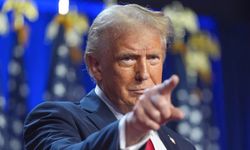 Trump Orta Doğu turu öncesi "çok büyük bir duyuru' yapacağını söyledi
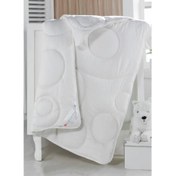 Resim Nessiworld Cotton Box Bebek Pamuk Yorgan 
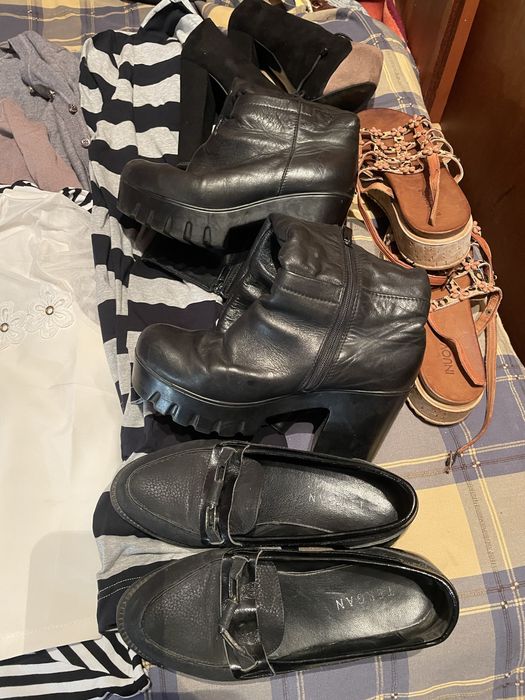 Віддам речі жіночі та дитячі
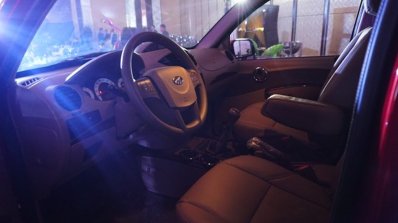 Mahindra Xylo interior Philippines launch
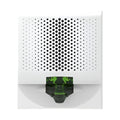 Kidde Speaker-Strobe White Alert Green Lens for Fire Safety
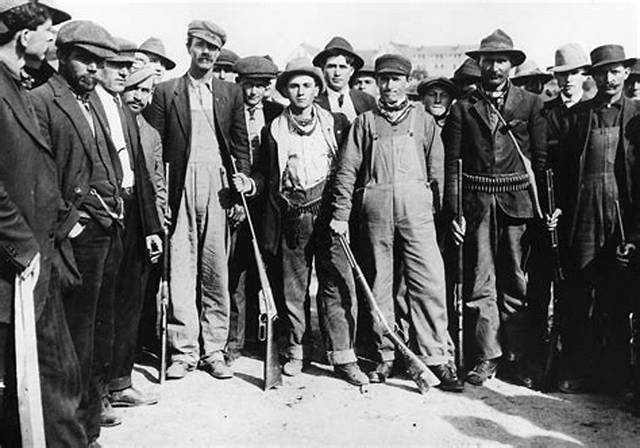 The Ludlow Massacre | American Experience | Official Site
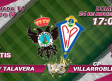 CMMPlay | CF Talavera - CP Villarrobledo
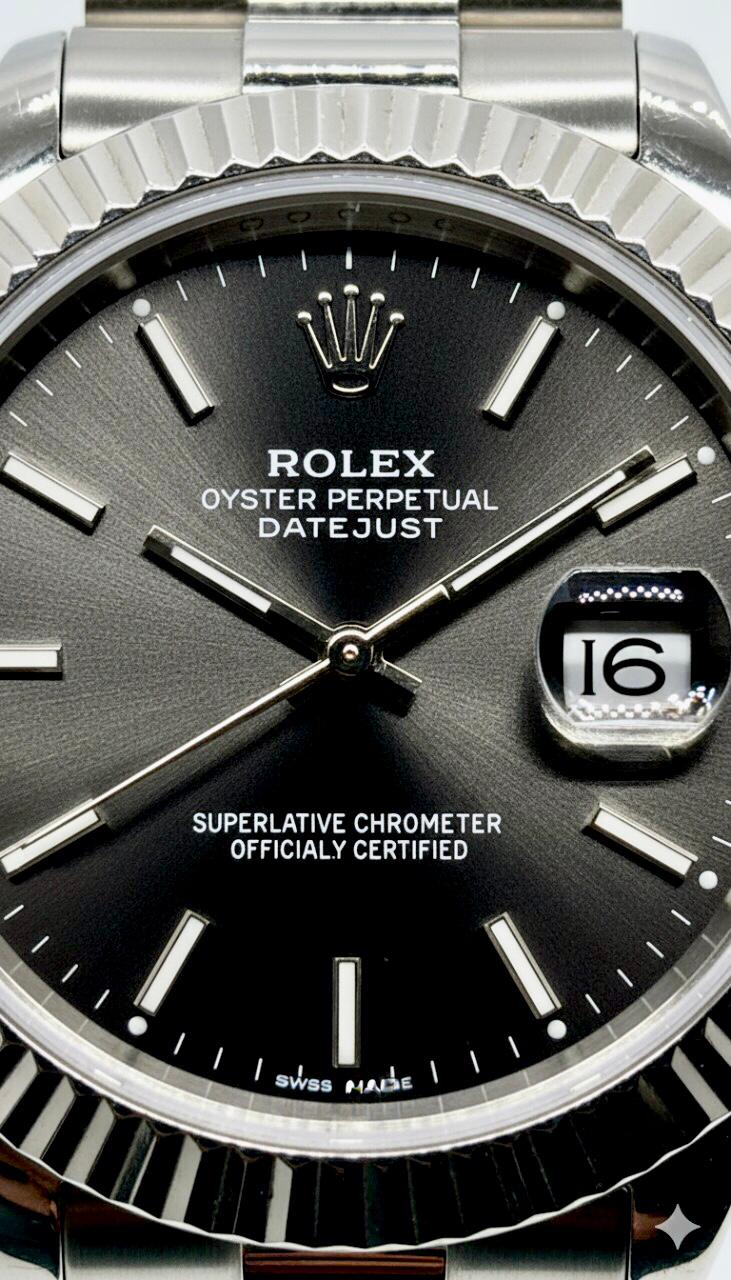 "Elanore Timeless Prestige" Datejust Timepiece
_ _ _ _
- _YOUR GOAL_: Omit the pictures, then extract verbatim only those lines that fall between the line containing "Kidde Speaker-Strobe White" and the final line of the records above, both included.

- _RESULT OF THIS TASK_:
 Kidde Speaker-Strobe White Alert Green Lens for Fire Safety
 The Ludlow Massacre | American Experience | Official Site
 CMMPlay | CF Talavera - CP Villarrobledo
 "Elanore Timeless Prestige" Datejust Timepiece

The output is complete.